_What is being asked_
Give a count of the lines below that have the string "black" in them, with no other words.

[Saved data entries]
= = = = = = =

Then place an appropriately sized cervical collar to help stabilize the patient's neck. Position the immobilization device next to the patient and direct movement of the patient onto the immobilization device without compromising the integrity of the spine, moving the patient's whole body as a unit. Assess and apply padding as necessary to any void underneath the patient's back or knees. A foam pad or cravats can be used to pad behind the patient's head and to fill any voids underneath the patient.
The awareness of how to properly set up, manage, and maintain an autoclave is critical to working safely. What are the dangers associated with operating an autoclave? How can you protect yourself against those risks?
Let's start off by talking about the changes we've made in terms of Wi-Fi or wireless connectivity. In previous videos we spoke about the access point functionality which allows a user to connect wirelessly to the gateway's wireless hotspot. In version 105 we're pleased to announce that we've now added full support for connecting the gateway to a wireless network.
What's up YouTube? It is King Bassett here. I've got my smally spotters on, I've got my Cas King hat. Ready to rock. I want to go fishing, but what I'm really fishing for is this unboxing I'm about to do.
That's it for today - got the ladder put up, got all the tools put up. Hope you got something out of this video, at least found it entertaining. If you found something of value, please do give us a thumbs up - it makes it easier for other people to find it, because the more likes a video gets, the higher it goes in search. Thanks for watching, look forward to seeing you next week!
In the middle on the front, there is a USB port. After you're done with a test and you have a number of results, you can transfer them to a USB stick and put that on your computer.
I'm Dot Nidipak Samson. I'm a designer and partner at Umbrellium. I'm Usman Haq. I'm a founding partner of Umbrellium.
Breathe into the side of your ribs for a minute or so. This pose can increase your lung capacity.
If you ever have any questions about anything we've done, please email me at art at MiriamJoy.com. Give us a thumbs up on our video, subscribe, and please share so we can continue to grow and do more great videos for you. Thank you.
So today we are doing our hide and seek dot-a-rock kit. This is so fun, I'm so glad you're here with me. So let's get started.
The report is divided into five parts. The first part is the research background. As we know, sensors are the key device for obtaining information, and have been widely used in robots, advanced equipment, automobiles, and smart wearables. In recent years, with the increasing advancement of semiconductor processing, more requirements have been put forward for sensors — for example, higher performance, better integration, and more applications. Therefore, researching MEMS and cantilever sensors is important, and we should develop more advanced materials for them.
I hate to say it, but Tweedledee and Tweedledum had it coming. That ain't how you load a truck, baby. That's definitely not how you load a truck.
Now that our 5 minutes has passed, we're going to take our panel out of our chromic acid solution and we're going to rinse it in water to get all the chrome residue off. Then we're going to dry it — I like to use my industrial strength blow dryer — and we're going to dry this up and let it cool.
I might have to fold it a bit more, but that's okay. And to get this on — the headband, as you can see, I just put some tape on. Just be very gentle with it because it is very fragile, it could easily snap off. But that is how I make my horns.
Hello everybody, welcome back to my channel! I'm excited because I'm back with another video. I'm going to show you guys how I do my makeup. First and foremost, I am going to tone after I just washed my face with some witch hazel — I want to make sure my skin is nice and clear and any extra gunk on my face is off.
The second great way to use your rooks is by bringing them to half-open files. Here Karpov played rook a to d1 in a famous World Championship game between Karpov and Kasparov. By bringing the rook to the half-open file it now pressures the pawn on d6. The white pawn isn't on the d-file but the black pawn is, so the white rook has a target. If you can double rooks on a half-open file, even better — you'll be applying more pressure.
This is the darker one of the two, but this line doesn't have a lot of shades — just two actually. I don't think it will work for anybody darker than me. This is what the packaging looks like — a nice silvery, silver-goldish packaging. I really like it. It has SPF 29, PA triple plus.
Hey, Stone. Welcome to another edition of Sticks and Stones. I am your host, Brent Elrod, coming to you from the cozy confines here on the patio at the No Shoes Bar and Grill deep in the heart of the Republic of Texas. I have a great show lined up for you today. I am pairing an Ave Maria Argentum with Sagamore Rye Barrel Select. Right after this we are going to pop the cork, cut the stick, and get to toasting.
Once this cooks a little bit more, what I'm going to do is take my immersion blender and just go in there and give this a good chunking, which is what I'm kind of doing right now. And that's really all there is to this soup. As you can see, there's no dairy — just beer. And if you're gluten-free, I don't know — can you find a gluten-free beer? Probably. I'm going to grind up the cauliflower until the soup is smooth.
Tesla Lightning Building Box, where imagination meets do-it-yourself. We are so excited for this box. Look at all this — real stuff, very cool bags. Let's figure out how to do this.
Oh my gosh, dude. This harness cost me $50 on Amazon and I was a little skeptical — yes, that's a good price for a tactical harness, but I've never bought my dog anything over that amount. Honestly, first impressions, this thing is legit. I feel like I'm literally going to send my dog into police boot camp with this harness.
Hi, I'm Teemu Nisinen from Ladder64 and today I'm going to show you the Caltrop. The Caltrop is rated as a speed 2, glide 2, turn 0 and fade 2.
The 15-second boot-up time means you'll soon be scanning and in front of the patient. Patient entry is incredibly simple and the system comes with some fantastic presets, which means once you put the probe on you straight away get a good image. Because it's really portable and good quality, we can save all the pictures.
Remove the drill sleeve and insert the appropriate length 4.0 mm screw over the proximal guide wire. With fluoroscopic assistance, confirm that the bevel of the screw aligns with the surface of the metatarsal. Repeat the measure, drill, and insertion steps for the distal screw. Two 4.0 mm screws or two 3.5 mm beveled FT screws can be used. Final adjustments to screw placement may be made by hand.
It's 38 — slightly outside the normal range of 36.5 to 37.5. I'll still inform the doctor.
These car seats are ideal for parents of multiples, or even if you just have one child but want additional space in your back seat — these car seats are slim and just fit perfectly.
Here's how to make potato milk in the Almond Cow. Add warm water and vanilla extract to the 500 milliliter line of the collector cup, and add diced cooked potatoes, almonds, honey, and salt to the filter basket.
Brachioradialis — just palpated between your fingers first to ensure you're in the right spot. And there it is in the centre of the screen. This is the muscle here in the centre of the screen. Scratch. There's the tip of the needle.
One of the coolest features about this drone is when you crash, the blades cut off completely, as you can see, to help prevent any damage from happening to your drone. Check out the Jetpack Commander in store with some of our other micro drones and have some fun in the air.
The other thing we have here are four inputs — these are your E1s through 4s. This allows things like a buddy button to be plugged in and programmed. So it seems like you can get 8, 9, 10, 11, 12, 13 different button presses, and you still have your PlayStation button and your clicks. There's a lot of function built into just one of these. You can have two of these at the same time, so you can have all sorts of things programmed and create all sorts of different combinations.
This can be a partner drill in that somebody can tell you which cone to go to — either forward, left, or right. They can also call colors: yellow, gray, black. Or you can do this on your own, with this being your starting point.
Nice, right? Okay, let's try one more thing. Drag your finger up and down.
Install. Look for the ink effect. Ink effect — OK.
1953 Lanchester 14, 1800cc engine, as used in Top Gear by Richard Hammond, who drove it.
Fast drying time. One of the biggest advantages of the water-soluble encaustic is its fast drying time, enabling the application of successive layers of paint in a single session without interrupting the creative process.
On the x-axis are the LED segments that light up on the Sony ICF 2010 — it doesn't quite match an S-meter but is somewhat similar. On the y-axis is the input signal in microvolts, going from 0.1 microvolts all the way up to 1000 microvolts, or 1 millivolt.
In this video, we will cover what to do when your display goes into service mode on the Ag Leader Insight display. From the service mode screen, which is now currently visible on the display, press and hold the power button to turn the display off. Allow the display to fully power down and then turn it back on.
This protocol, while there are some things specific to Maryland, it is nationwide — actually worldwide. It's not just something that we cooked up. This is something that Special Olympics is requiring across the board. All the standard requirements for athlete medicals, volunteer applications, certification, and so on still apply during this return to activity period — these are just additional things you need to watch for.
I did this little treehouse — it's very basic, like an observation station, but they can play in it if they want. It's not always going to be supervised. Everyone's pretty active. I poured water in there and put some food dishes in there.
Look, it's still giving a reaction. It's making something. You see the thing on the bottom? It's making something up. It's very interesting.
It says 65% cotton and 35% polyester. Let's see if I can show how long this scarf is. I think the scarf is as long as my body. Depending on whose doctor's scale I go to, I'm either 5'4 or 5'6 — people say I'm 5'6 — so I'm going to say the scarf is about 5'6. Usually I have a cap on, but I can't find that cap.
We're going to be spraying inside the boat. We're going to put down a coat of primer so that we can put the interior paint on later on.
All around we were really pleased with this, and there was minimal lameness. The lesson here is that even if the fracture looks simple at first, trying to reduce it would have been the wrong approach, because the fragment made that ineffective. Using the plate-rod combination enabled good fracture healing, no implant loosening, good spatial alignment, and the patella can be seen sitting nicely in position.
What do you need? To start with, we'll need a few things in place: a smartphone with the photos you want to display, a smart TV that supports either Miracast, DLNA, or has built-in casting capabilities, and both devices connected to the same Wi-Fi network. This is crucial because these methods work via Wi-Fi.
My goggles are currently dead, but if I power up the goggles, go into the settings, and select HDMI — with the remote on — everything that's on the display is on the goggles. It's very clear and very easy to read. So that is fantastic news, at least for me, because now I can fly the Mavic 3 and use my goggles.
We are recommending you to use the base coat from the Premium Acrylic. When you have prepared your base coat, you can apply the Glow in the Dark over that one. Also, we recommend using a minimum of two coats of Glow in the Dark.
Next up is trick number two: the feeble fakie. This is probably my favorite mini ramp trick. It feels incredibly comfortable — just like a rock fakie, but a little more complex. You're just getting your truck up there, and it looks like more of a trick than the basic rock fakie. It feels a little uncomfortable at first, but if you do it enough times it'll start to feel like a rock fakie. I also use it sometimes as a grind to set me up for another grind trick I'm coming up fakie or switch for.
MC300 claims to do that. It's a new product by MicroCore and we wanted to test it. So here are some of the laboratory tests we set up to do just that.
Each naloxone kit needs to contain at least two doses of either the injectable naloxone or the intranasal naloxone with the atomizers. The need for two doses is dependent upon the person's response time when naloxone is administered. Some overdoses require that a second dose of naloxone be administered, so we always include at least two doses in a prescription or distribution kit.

= = = = = = =

_Result for this exercise_
2